**TASK PROMPT**
With the pictures omitted, please transcribe exactly the lines beginning at the one that contains "Indulge Black Vegan" and ending with the last line of the records below.

*** INPUT ***

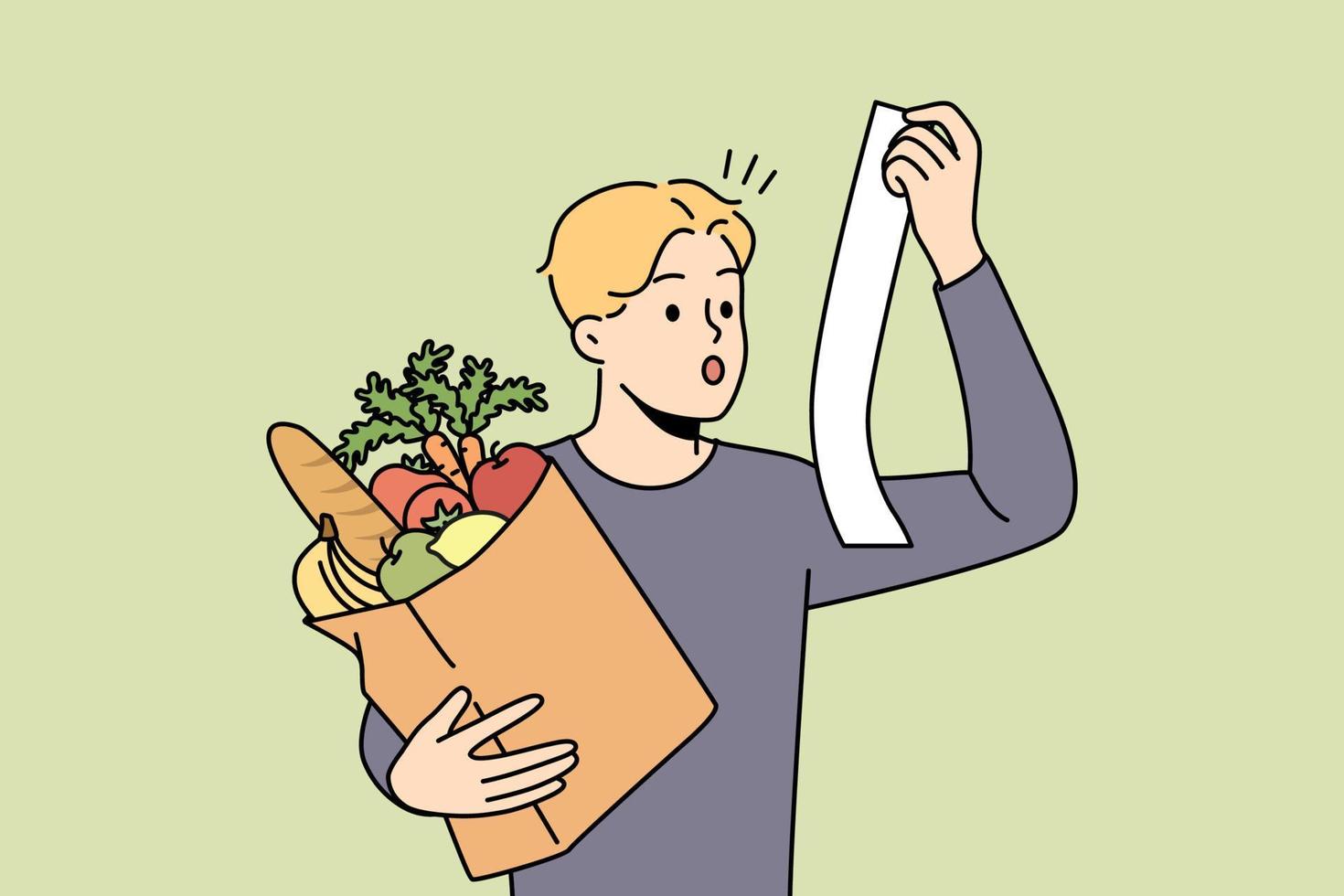 Stunned young man with bag or groceries shocked by expenses in supermarket. Amazed guy surprised with prices on food and products in shop. Vector illustration.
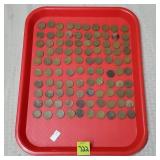 100 Wheat Pennies Grouping, Assorted Years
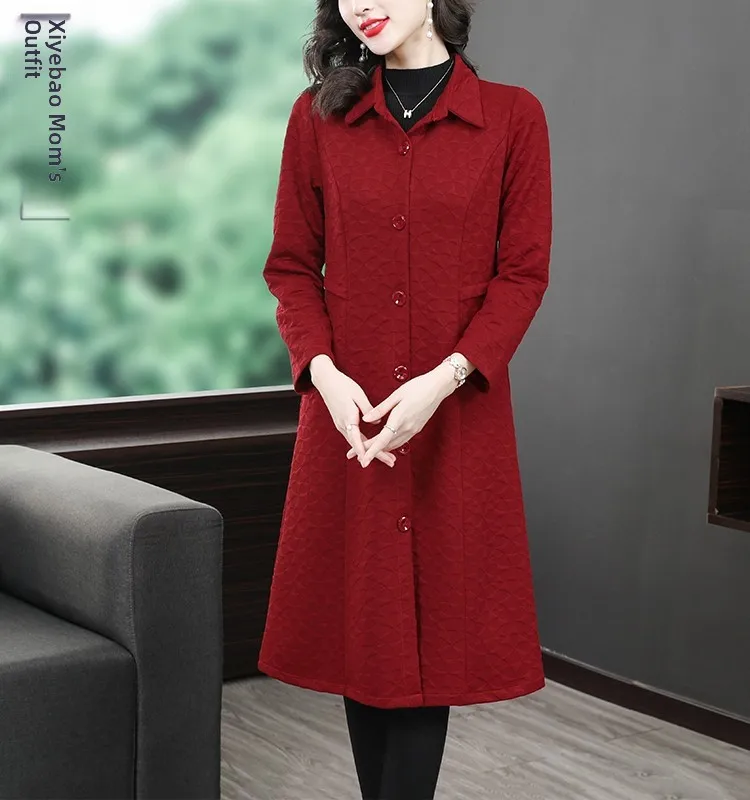 

Осенний женский плащ 2023 года, средней длины, с воротником-стойкой, модный, для женщин 40-50 лет, с вышивкой, высокого качества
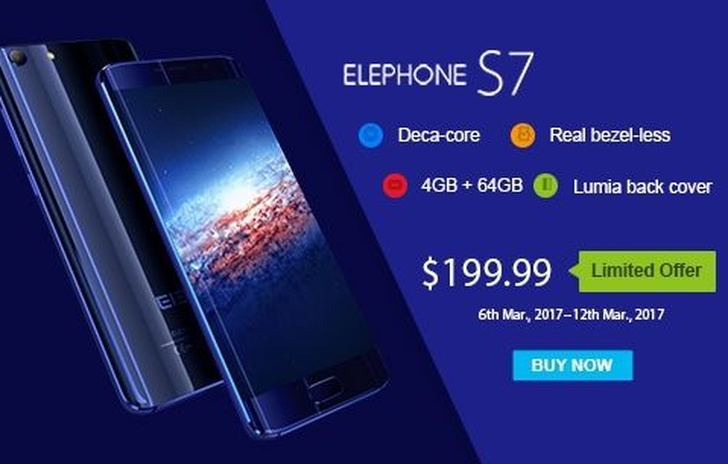 Una vendita aggressiva per lElephone S7 su TomTopcom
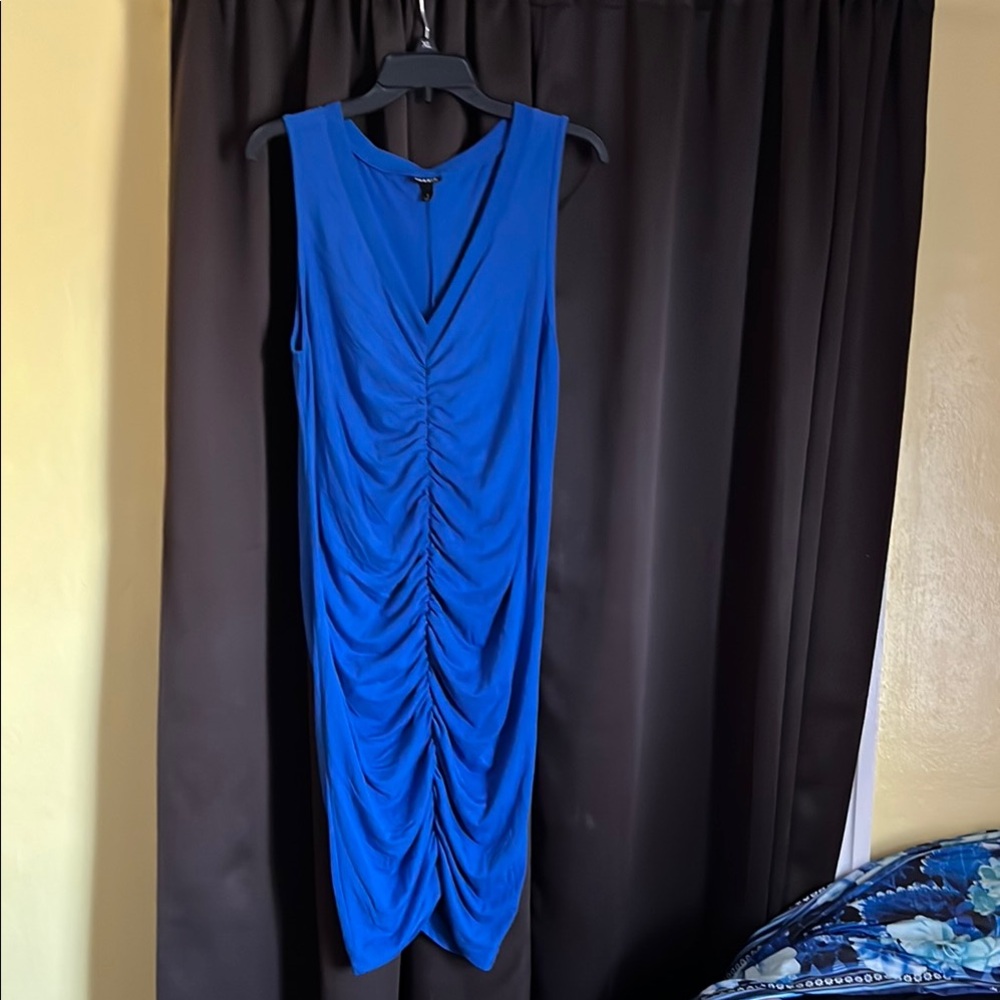 Rouched front Blue Sleeveless Dress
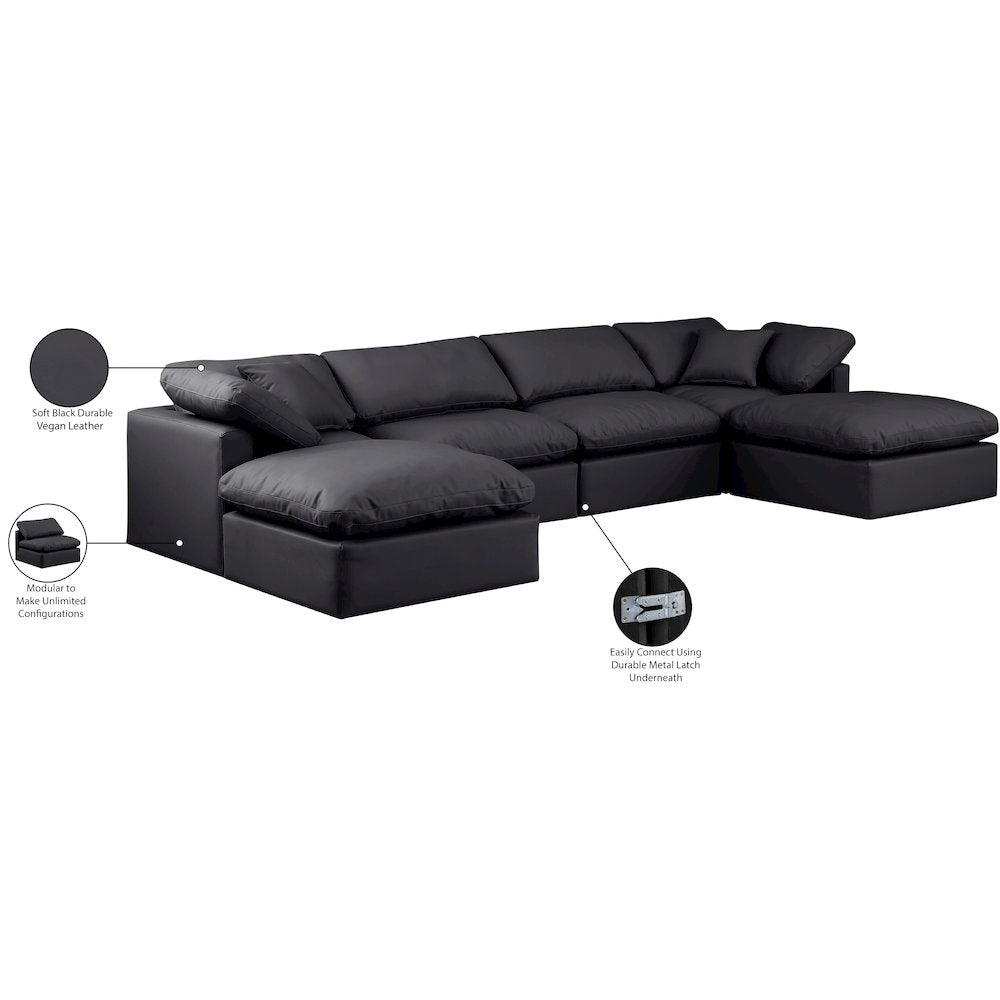 Indulge Black Vegan Leather Modular Sectional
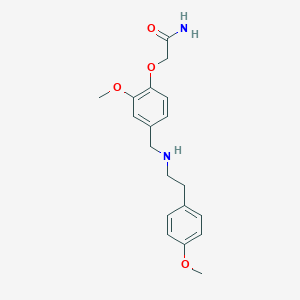molecular formula C19H24N2O4 B494760 2-[2-Methoxy-4-({[2-(4-methoxyphenyl)ethyl]amino}methyl)phenoxy]acetamide CAS No. 875005-92-8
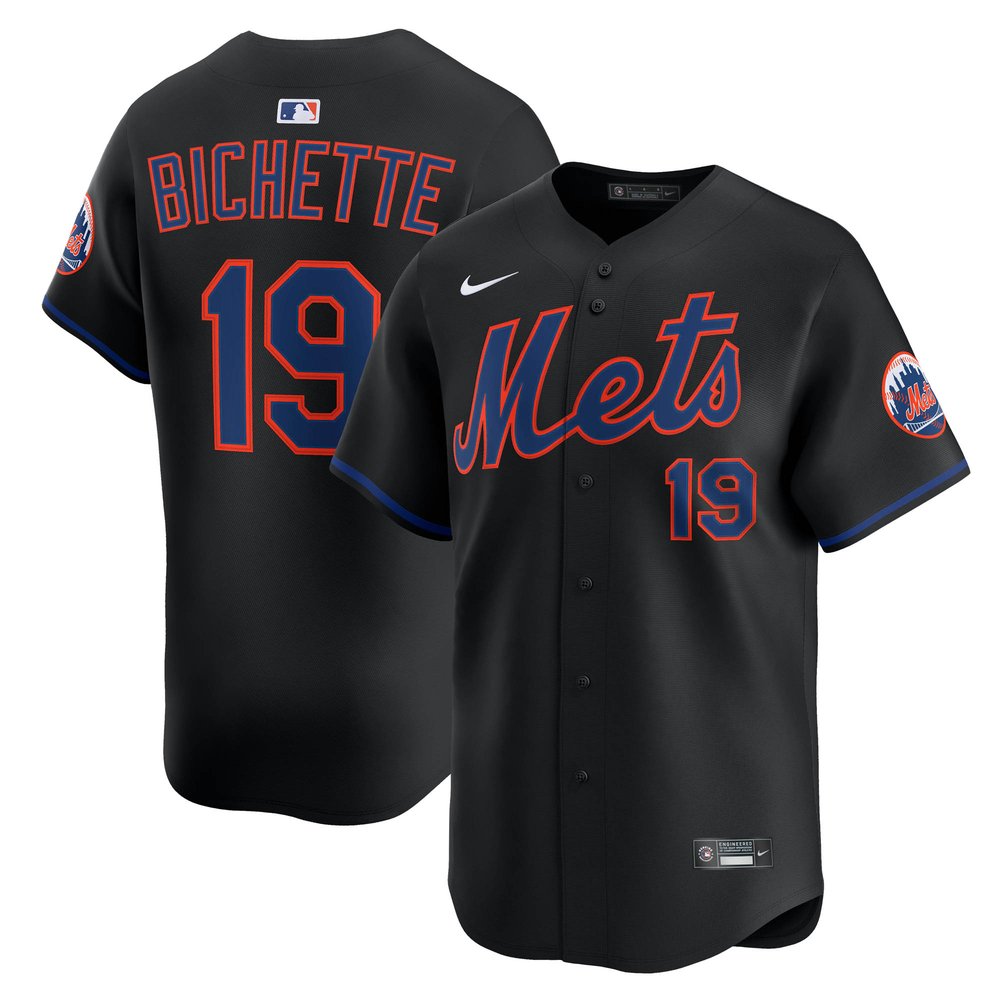 Men’s New York Mets #19 Bo Bichette Nike Black Alternate Limited Jersey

*** End of INPUT ***

**WRITTEN RESPONSE**
 Indulge Black Vegan Leather Modular Sectional
molecular formula C19H24N2O4 B494760 2-[2-Methoxy-4-({[2-(4-methoxyphenyl)ethyl]amino}methyl)phenoxy]acetamide CAS No. 875005-92-8
 Men’s New York Mets #19 Bo Bichette Nike Black Alternate Limited Jersey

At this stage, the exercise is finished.